Transcribe, word for word, every line from the one containing "Now, make sure" through the final line of the records, and omit the pictures.
+ + + +
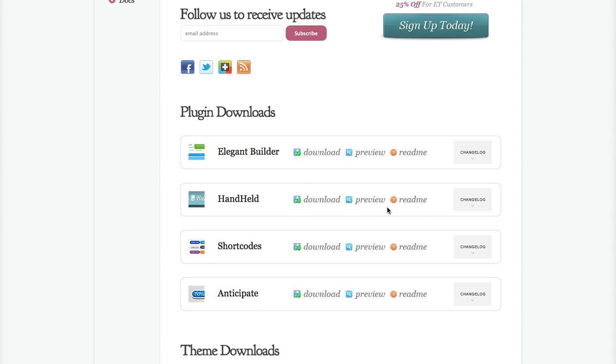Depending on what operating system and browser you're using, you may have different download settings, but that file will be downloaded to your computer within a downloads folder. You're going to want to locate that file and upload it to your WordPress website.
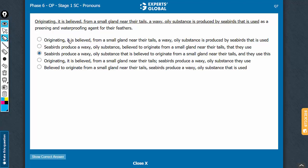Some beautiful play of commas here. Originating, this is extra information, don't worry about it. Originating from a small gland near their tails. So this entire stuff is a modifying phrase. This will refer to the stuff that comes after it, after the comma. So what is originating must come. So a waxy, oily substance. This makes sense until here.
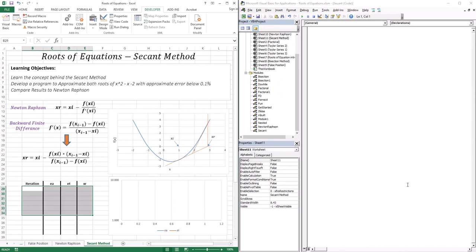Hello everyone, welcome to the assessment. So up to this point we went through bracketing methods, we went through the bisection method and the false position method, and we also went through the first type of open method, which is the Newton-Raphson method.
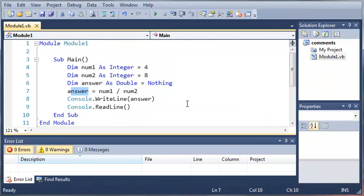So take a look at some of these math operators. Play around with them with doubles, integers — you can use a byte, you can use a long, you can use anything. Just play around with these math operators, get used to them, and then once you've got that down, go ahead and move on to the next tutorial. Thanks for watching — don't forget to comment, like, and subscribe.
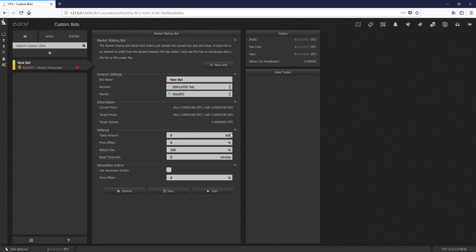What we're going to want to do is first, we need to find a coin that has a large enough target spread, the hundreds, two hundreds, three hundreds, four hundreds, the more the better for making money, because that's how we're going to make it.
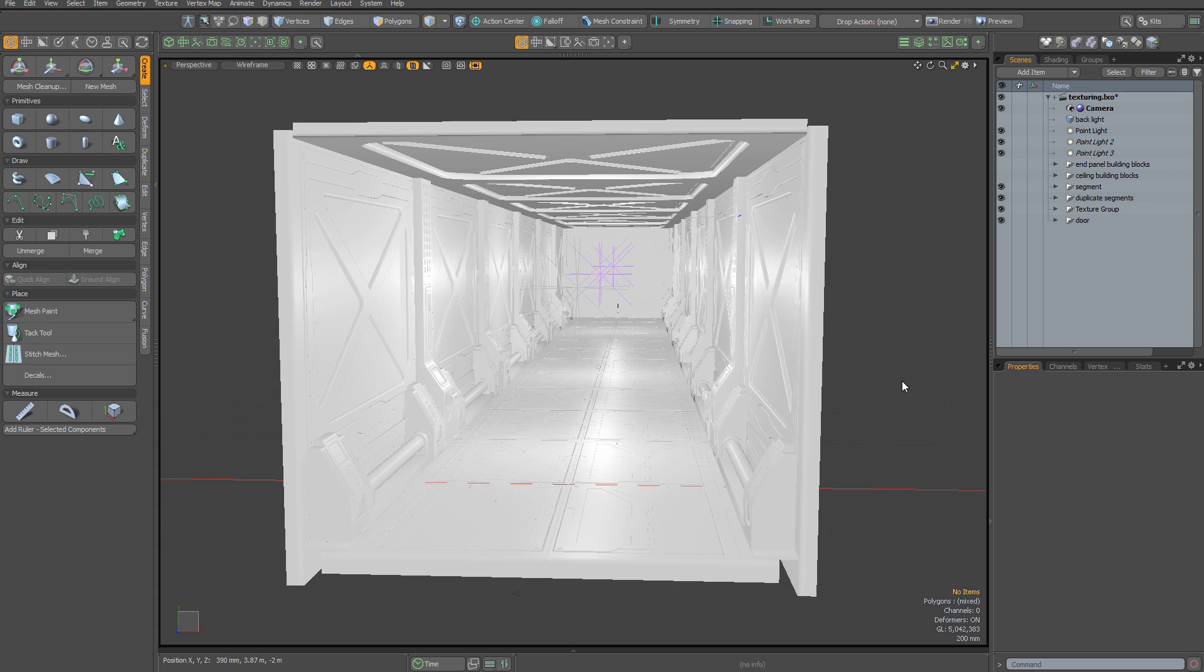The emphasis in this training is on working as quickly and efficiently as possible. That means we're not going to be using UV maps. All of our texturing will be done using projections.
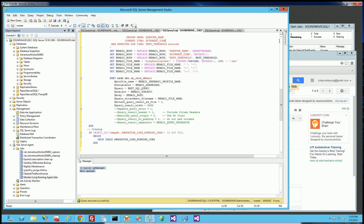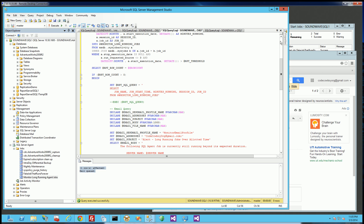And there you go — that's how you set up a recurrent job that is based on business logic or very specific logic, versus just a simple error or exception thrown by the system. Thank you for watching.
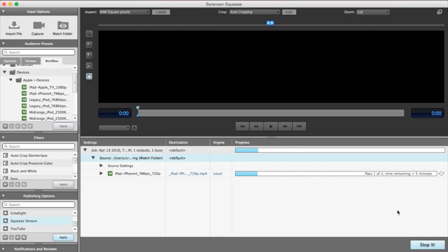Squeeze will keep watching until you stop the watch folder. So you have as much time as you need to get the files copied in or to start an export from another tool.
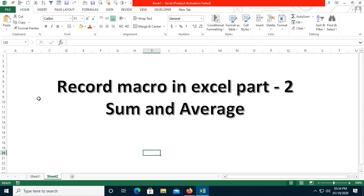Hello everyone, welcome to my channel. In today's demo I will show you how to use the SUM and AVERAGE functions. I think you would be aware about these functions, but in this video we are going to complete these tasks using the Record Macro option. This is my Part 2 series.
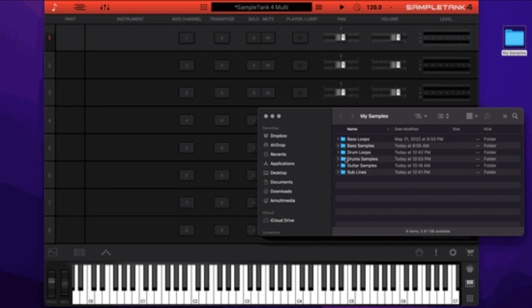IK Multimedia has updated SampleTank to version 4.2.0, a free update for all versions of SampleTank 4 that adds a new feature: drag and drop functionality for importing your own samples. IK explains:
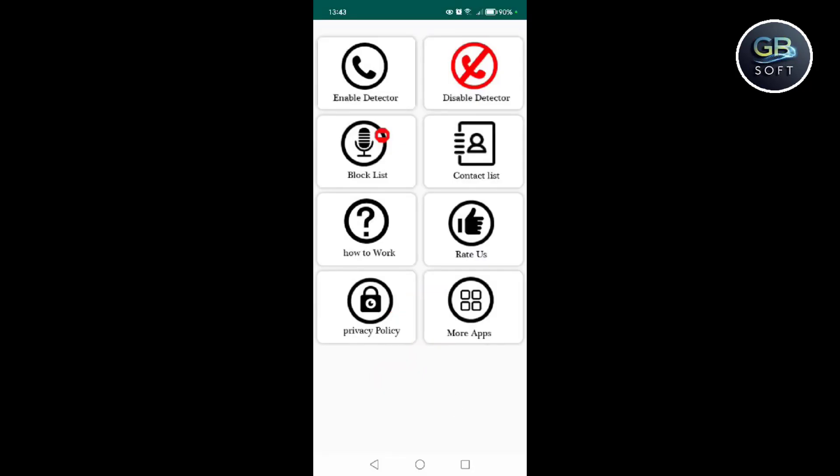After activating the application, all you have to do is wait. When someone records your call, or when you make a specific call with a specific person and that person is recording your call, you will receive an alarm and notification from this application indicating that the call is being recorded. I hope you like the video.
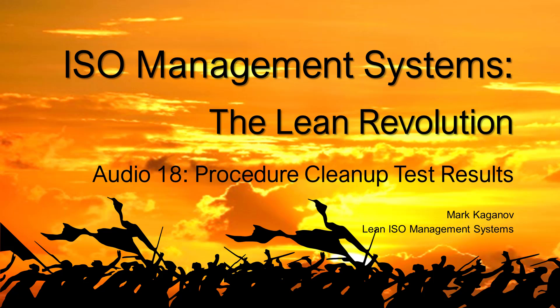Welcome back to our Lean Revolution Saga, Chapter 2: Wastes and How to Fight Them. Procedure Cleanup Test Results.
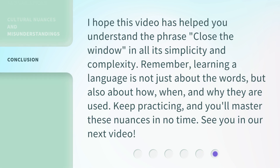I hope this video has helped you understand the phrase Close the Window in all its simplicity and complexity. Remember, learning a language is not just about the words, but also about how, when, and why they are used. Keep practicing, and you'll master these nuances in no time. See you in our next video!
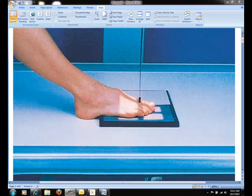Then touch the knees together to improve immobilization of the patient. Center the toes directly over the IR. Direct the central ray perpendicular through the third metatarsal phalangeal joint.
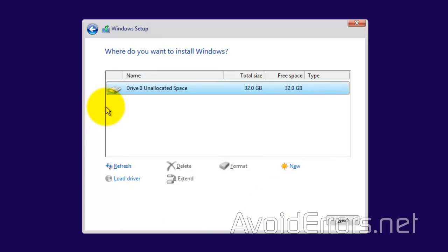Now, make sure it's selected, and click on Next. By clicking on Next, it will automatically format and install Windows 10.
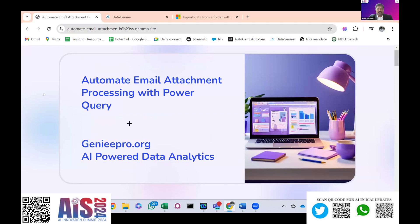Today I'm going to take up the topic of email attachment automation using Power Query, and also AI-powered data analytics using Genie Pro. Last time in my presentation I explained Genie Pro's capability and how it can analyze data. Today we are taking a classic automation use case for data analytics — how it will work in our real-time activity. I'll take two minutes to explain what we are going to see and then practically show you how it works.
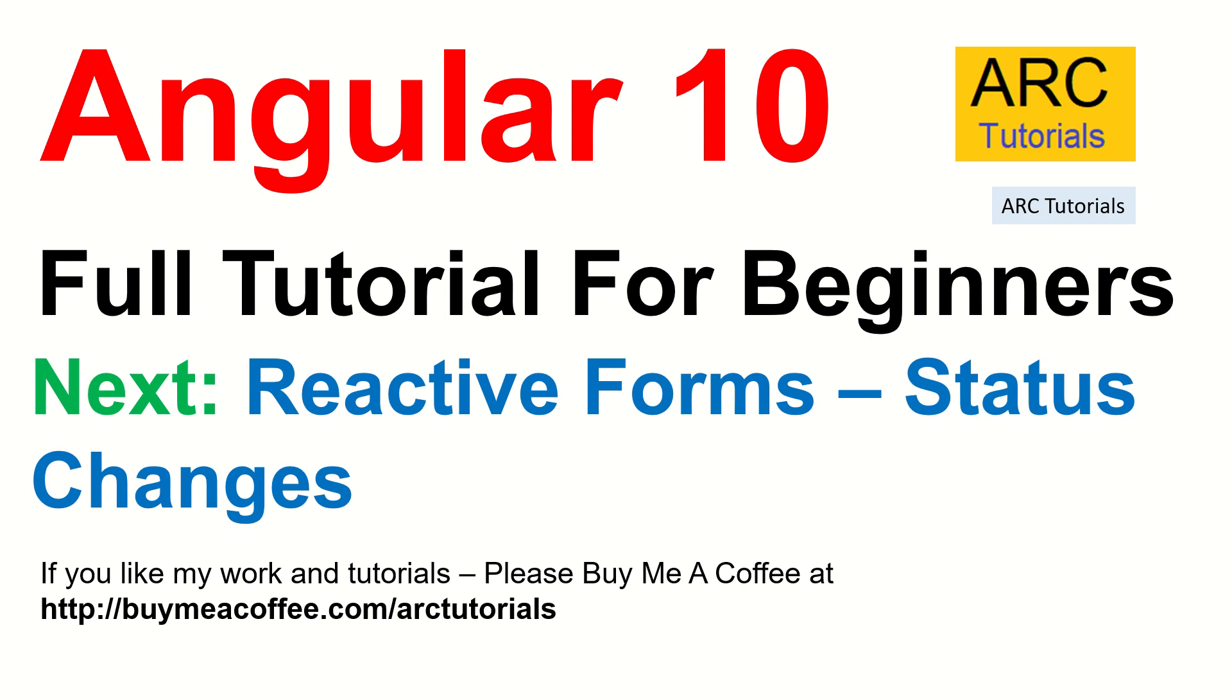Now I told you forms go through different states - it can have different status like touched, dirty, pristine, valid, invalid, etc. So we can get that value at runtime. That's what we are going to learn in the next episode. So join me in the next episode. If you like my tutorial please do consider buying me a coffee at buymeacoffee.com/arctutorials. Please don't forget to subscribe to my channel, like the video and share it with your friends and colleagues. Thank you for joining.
+ + + +
*Solution to this problem:*
Now, make sure it's selected, and click on Next. By clicking on Next, it will automatically format and install Windows 10.
Today I'm going to take up the topic of email attachment automation using Power Query, and also AI-powered data analytics using Genie Pro. Last time in my presentation I explained Genie Pro's capability and how it can analyze data. Today we are taking a classic automation use case for data analytics — how it will work in our real-time activity. I'll take two minutes to explain what we are going to see and then practically show you how it works.
Now I told you forms go through different states - it can have different status like touched, dirty, pristine, valid, invalid, etc. So we can get that value at runtime. That's what we are going to learn in the next episode. So join me in the next episode. If you like my tutorial please do consider buying me a coffee at buymeacoffee.com/arctutorials. Please don't forget to subscribe to my channel, like the video and share it with your friends and colleagues. Thank you for joining.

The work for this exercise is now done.